Just days after Gullit had taken over, Lalas tried to explain to him the rules of the MLS expansion draft, which called for each team to submit a list of twelve protected players. The first-year San Jose Earthquakes could select one player from each team who wasn't protected. (The Galaxy ended up losing Gavin Glinton.)
"Ruud, you can protect twelve players," Lalas told him.
"No, I want to protect them all," Gullit replied. "I don't want to lose any of them."
"Okay, Ruud, I understand what you're saying, but the rules are you have to protect twelve."
"Why would I not protect them all?"
"Well, you can't."
"Then the player should just refuse the transfer!"

It's not that MLS is so weirdly unique that it's impossible to win with a foreign coach. It's that there's so many weird quirks (salary cap, drafts, discovery rules, playoffs) that most foreign coaches inevitably hit a point where had they known everything they were getting into, they probably wouldn't have come. You need someone to help guide them through (and protect them from) the crazy - and it goes without saying Claudio isn't that guy.

Tom, honestly, I'm really worried you read my joke about blowing up the team because it worked for the Red Bulls and took it seriously.

Look, you pulled the trigger, and in fairness, Jason certainly made some questionable decisions as coach. So I'm not going to quarrel with the decision. Better to do this now than midseason, or during pre-season. (Kudos for doing it the first business day after your season ticket holders' renewal deadline - that was inspired!) But after the club spent the better part of two years explaining "The City Way", you might want to get that new coach in place and get the executives doing the rounds to explain how things are actually going to be different.

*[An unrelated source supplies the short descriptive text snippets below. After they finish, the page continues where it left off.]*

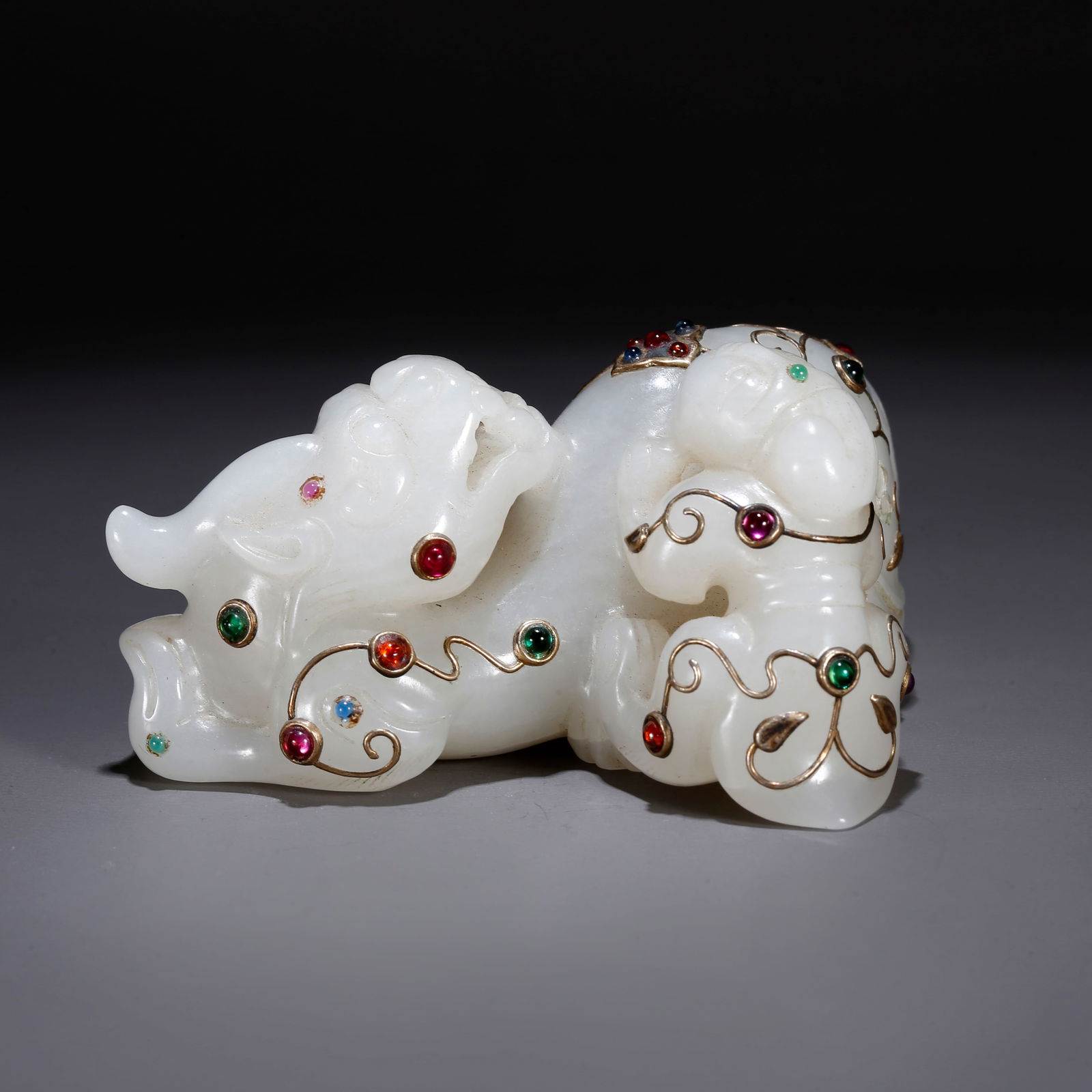 A HETIAN JADE CARVED BARBARIAN TAMING BEAST ORNAMENT (1 of 10)
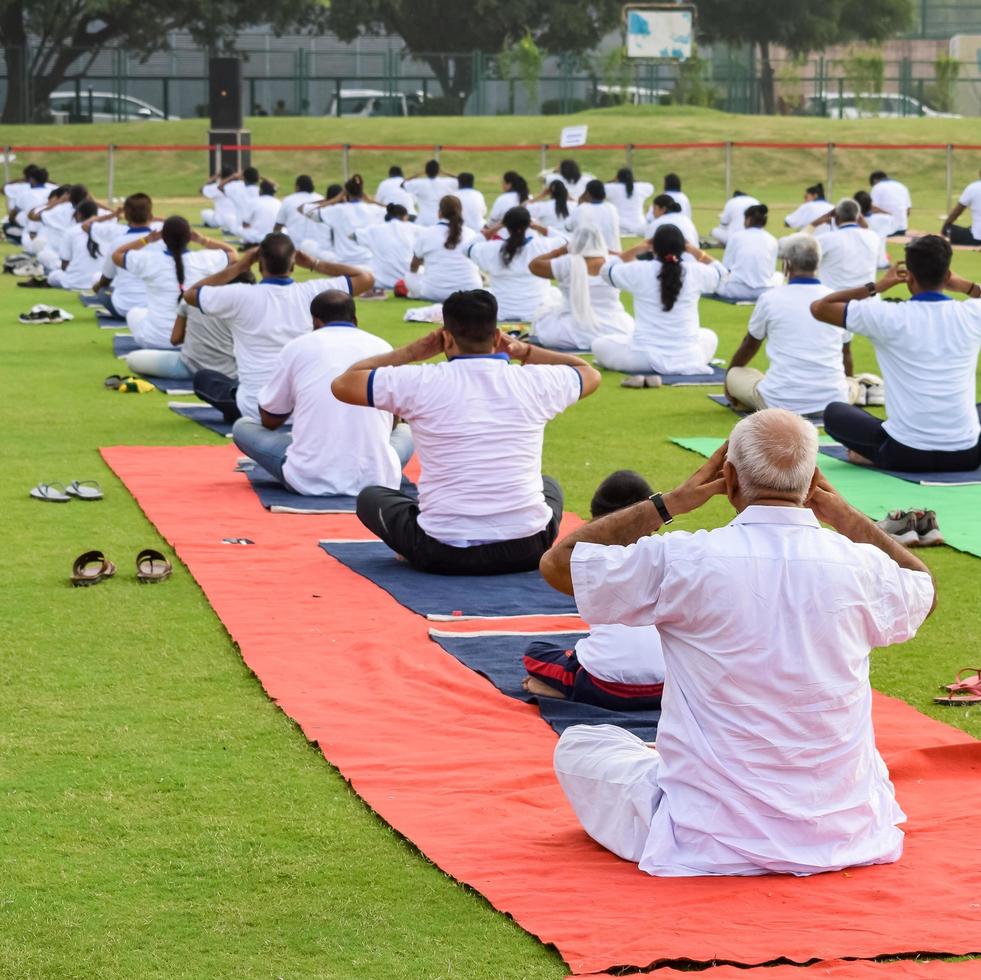 New Delhi, India, June 21 2022 - Group Yoga exercise session for people at Yamuna Sports Complex in Delhi on International Yoga Day, Big group of adults attending yoga class in cricket stadium photo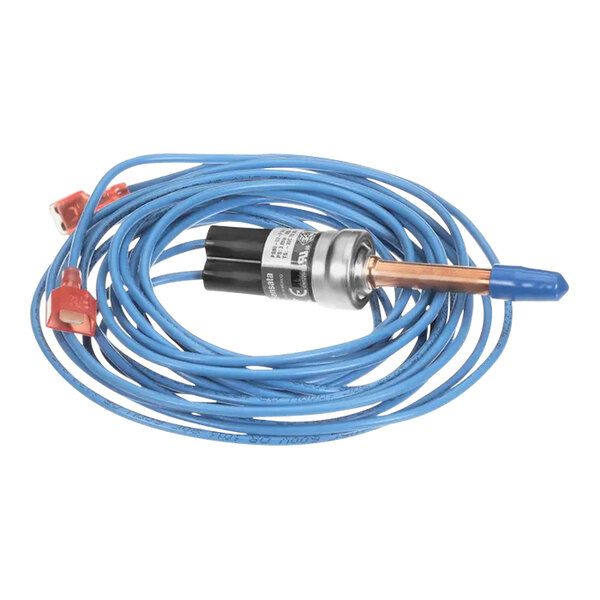 A blue cable with a metal cylinder connected to a Manitowoc Ice pressure switch.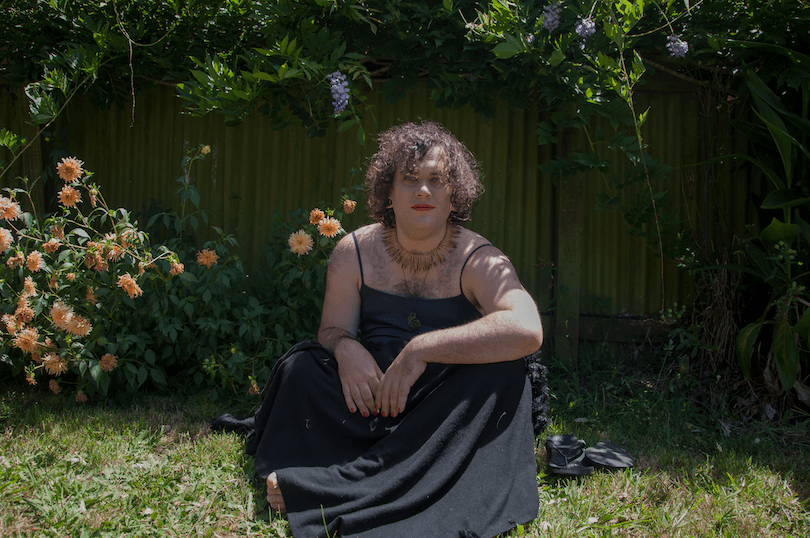 The poet in a garden of orange dahlias and purple wisteria. They're seated and wearing a black maxi dress. 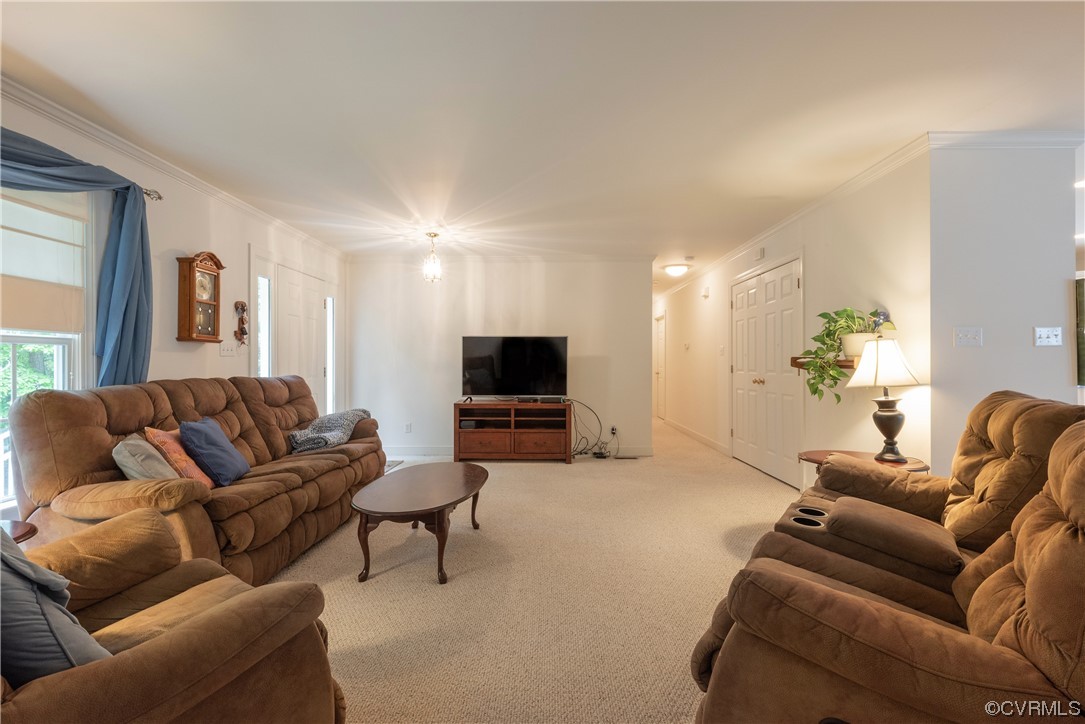 3530 Timberview Road Powhatan, VA 23139 - Photo 31 of 50 a living room with furniture and a flat screen tv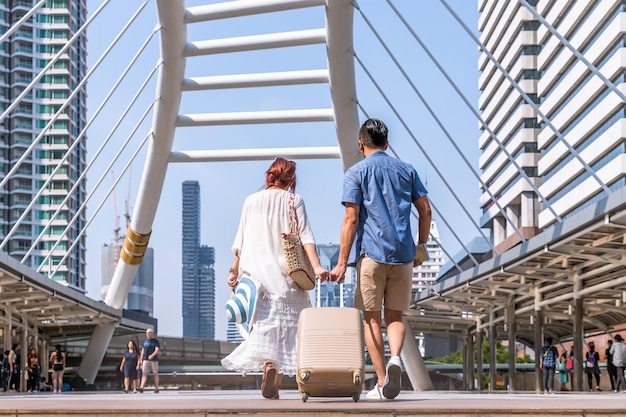 Young asian couple walking with luggage travel summer vacation or honeymoon trip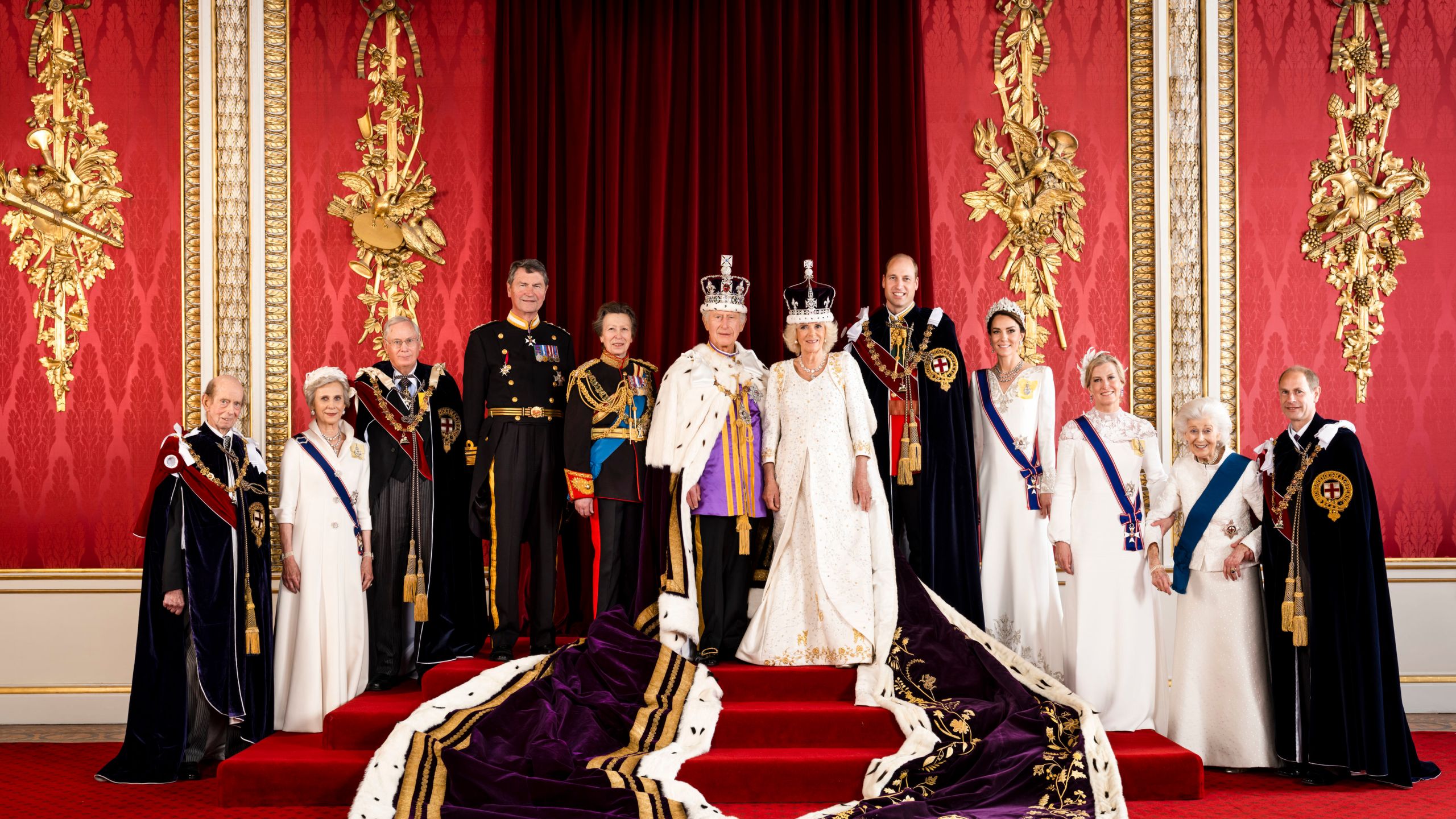 In this photo made available by Buckingham Palace on Monday, May 8, 2023, Britain's King Charles III and Queen Camilla are pictured with members of the working royal family, from left Prince Edward, the Duke of Kent, Birgitte, Duchess of Gloucester, Prince Richard, the Duke of Gloucester, Vice Admiral Sir Tim Laurence, Princess Anne, Prince William, the Prince of Wales, Kate, the Princess of Wales, Sophie, the Duchess of Edinburgh, Princess Alexandra, the Hon. Lady Ogilvy and Prince Edward, the Duke of Edinburgh, in the Throne Room at Buckingham Palace, London. (Hugo Burnand/Royal Household 2023 via AP)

Otherwise, "The City Way" is going to look a lot like the 1996 MetroStars way. And no one wants that.

All the best,

Dan

UPDATE: As is traditional, Jason Kreis took to social media and posted a screenshot of a letter to the NYCFC community:

I would like to sincerely thank NYCFC, and in particular Claudio Reyna, for allowing me this terrific opportunity and tremendous challenge to start a new club from scratch in the great city of New York. A further thank you goes out to all of the incredibly supportive NYCFC fans. You are what the club should be most proud of right now and it is you who will carry NYCFC through to many future successes. Thanks as well to all of the club's office staff, back room staff, and team staff. Your tireless efforts behind closed doors are never appreciated enough and the club simply would not succeed without everyone's effort. Finally, my biggest appreciation goes out to the 2015 NYCFC players. Thanks for your great work and commitment to give everything of yourselves every single day. Ultimately, this journey may have ended a bit abruptly and a bit to [sic] soon for my liking, but I hope that everyone knows that I gave my heart and soul to this project, to this club, and to this team. We have all contributed to history, to the building of the foundation of what will be a great club in a great city, and no one can ever take that away from us.